L’hélico est revenu me rechercher et j’ai retrouvé Patrick à l’héliport de la Crèmerie. Lui aussi avait un bout de doigt noir, exactement le même que le mien. Les gendarmes insistaient pour admirer nos pieds et la peur se lisait sur leurs visages tandis que nous délassions nos chaussures. Nos pieds tous fripés étaient blancs comme neige. Ouf ! A peine rassurés, ils nous ordonnèrent d’aller faire un « checkup » à l’hôpital ce qui nous paraissait inutile et même ridicule, nous qui ne rêvions que d’un bon bain chaud et d’une pizza. Nous étions euphoriques et incapables de comprendre ces yeux de cabillauds morts en blouses blanches en face de nous. Un grand toubib nous a accueilli. Sans nous poser la moindre question, il nous a couché sur une civière et nous a enfoncé une grande aiguille dans le bras avec un long fil relié à une bouteille à roulettes, sans doute pour que nous ne nous échappions pas. Et voilà nos deux héros transportés dans une chambre de l’hôpital de Chamonix pour y sucer des berlingots de lait sucré énergisant. Je dois avouer que sur le coup ça calme. Le contrecoup est vite arrivé. Même mon frère, arrivé à Chamonix pour faire la Vallée blanche avec moi, m’a avoué avoir cru s’être trompé de chambre lorsqu’il est venu nous visiter à l’hôpital tellement nous ressemblions à deux vieillards. Patrick lui continuait de dépenser son énergie pendant la nuit en arrachant tout autour de lui dans des mouvements que je reconnaissais être des coups de piolets dans la glace.
Nous sommes restés une semaine, ainsi dorlotés par les infirmières de Chamonix avant de nous échapper et poursuivre nos rêves chacun de notre côté. En ce qui me concerne l’aventure ne faisait que commencer… Je suis tombé dans une profonde déprime de trois semaines. Tout le monde voulait entendre le récit du héros qui a survécu au pire, or là-haut je n’étais pas le héros. C’est Patrick qui m’a sauvé. Ce sont tous ces amis et amies qui m’ont donné la force de renaître. Ce sont les secouristes du PGHM qui sont venus nous chercher. Un rêve incroyablement libérateur a enfin curieusement mis fin à mes troubles psychiques et un mois plus tard, j’entraînais Seb sur les big walls du Yosemite en Californie (http://capexpe.org/yosemite1996) et puis d’autres amis en Afrique dont ce moment magique avec Thierry dans le Diamond Couloir au Mont Kenya.

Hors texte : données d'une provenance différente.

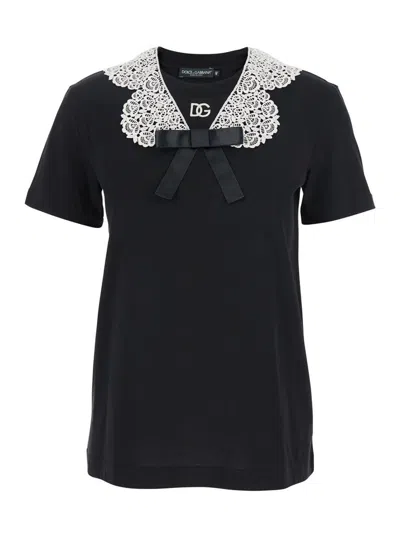 DOLCE & GABBANA BLACK T-SHIRT WITH BOW ON THE FRONT AND LACE DETAILS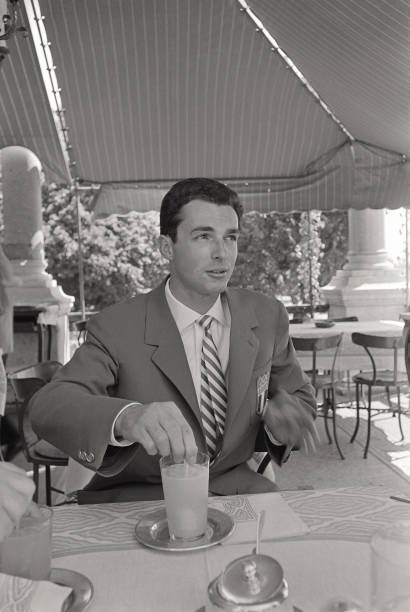 Italian athlete Livio Berruti having a drink Rome 1960 Old Photo 1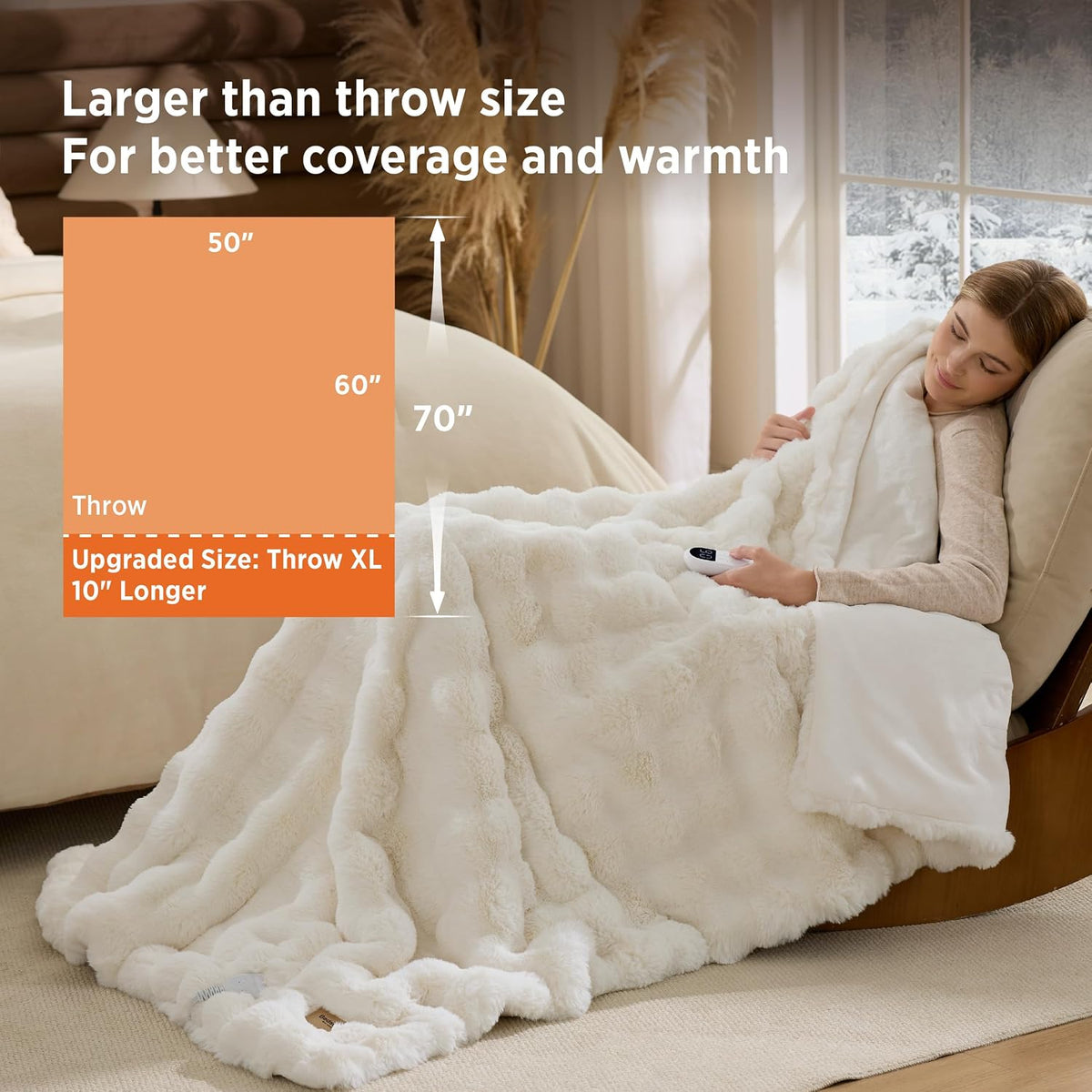 Bedsure Heated Blanket Electric Throw - Thick Striped Fast Heating Electric Blanket with Preheat Function, 6 Heat & 6 Timer (Up to 10H), 8H Auto Off, ETL Certified, Gifts for Women (50"x60", White)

En rentrant, j’ai commencé une longue mais vraiment enrichissante « rééducation » avec un ostéopathe professeur de Yoga. Cette rééducation m’amènera à quitter mon boulot du bord de mer pour me relancer dans l’aventure des startups à l’autre bout de l’Europe.
Plus tard j’ai retrouvé Patrick notamment dans la voie Schmidt de la face nord du Cervin (http://www.capexpe.org/cervinfacenord1999/).
Mais tout cela est une autre histoire…
Une chose est sûre, l’homme est une bien drôle de créature….
Patrick merci de m’avoir non seulement sauvé la vie là-haut mais aussi et surtout de m’aider encore aujourd’hui à mieux appréhender le sens du présent et la force des relations humaines.